__HOW TO COMPLETE THIS TASK__. Only the lines from the one with "0596decb-2078-46e8-9956-308fd0801581" to the end of the data below should be given again, exactly, with both ends included and pictures omitted.
*** Opening of EXERCISE INPUT ***
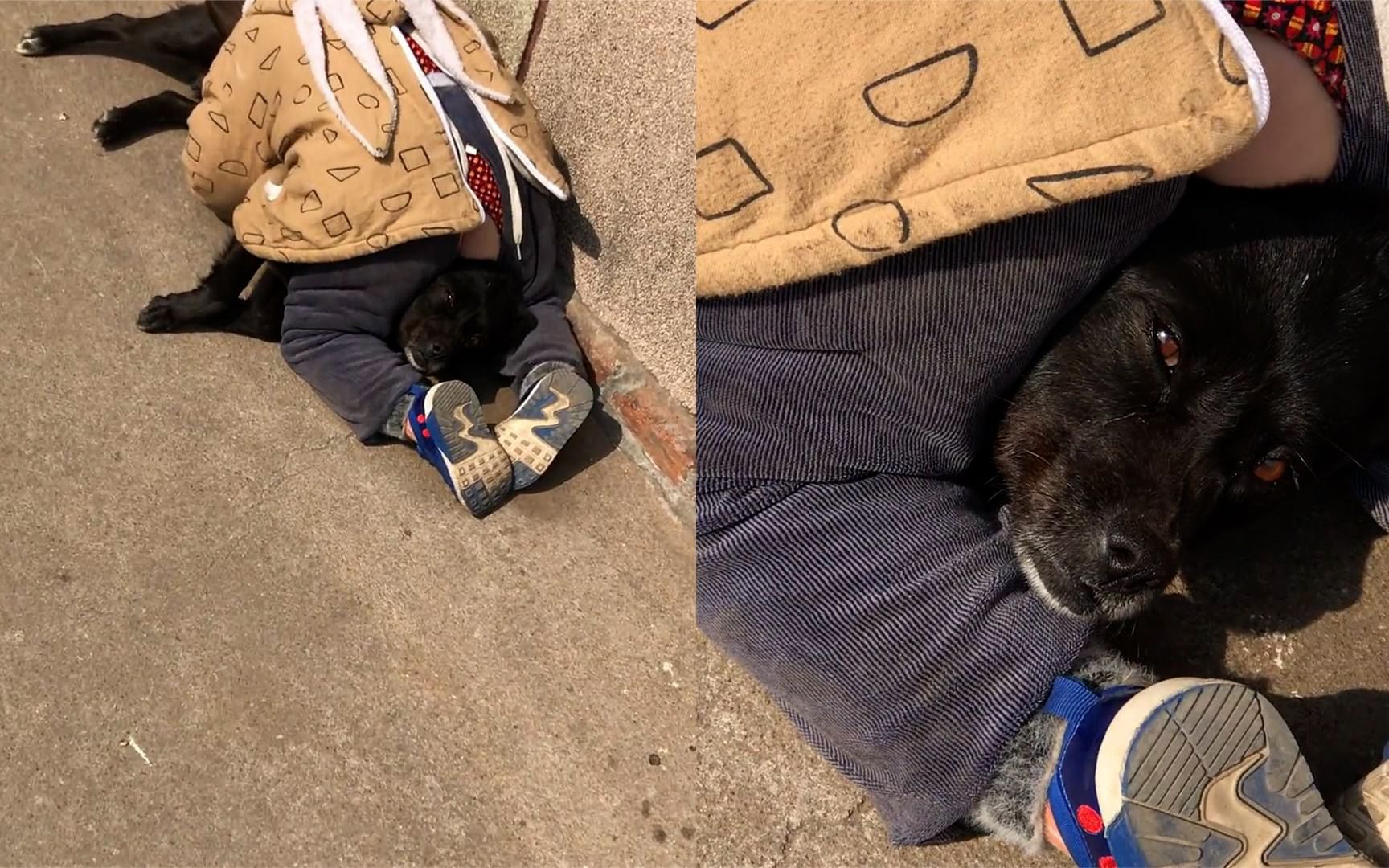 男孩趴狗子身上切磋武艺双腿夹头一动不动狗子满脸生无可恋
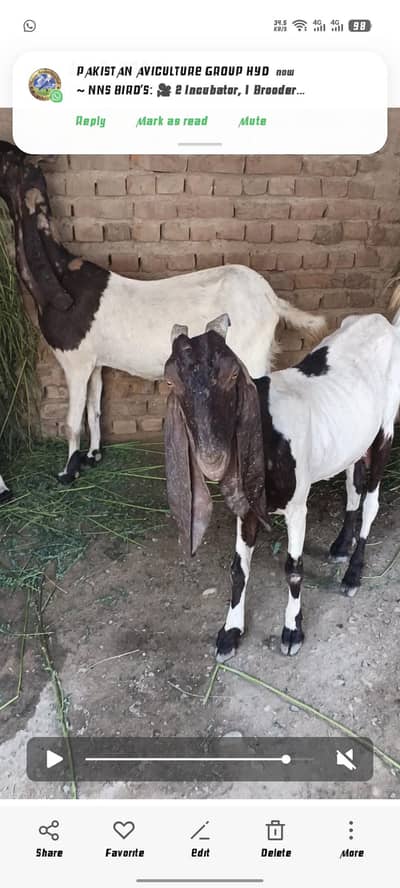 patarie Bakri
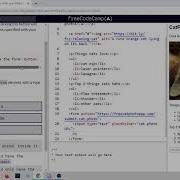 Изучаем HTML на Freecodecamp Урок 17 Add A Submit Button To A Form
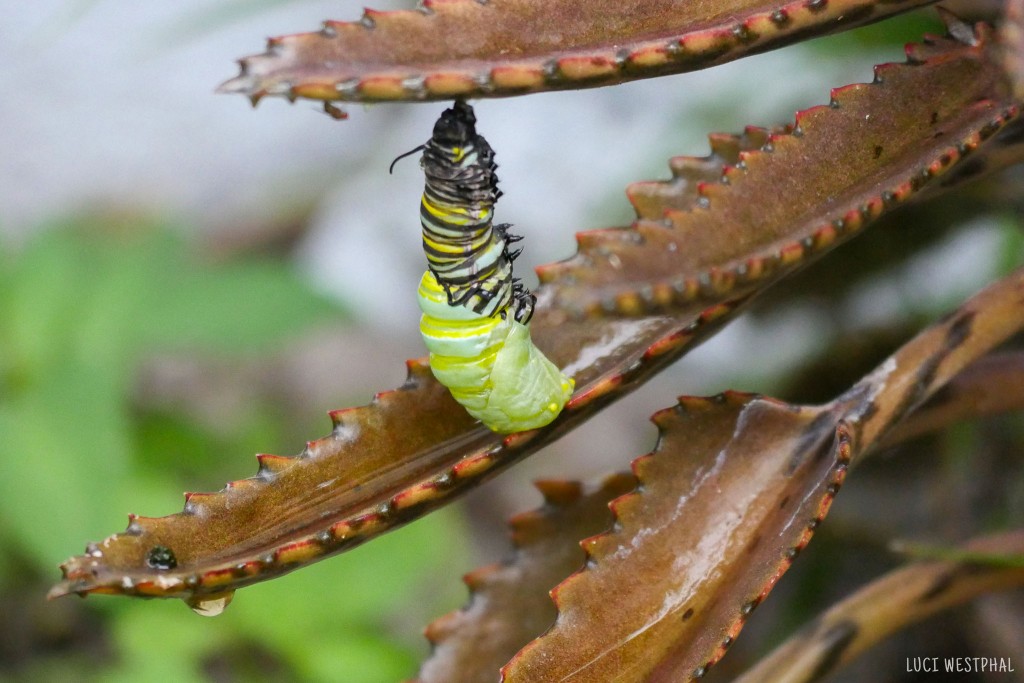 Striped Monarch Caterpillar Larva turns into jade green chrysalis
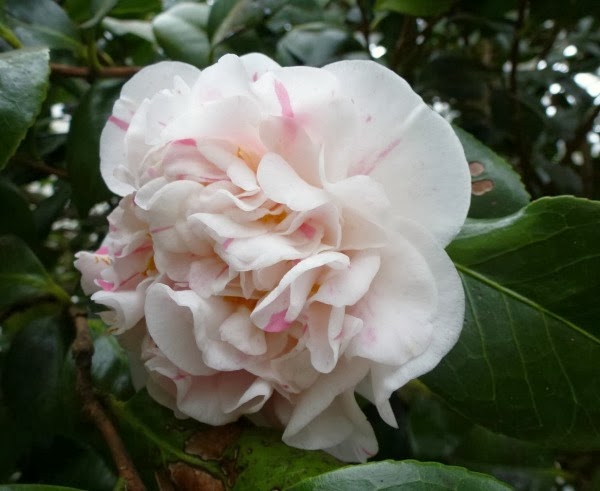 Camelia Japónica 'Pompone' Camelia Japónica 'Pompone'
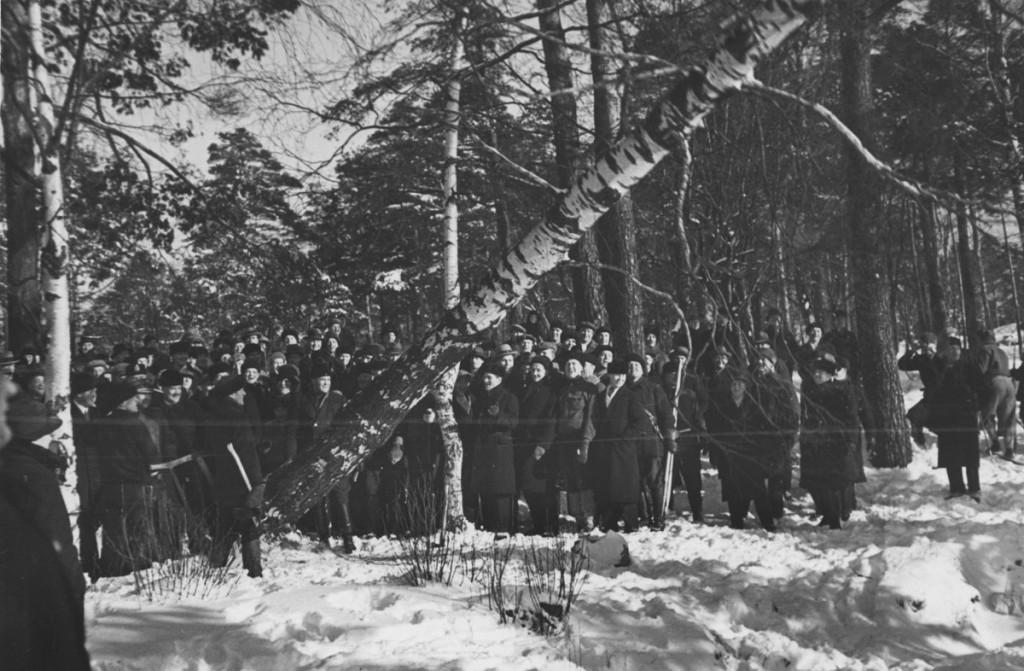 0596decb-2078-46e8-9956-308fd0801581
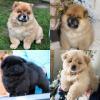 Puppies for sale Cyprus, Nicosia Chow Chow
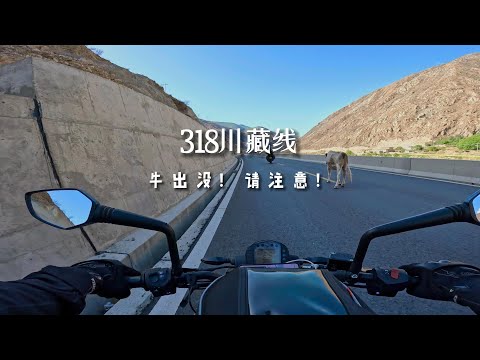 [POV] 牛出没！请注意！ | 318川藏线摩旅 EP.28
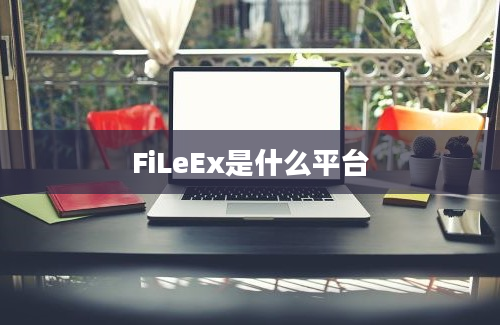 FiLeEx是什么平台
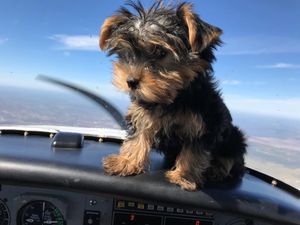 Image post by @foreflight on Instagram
*** Close of EXERCISE INPUT ***
__WRITTEN SOLUTION__.
 0596decb-2078-46e8-9956-308fd0801581
 Puppies for sale Cyprus, Nicosia Chow Chow
 [POV] 牛出没！请注意！ | 318川藏线摩旅 EP.28
 FiLeEx是什么平台
 Image post by @foreflight on Instagram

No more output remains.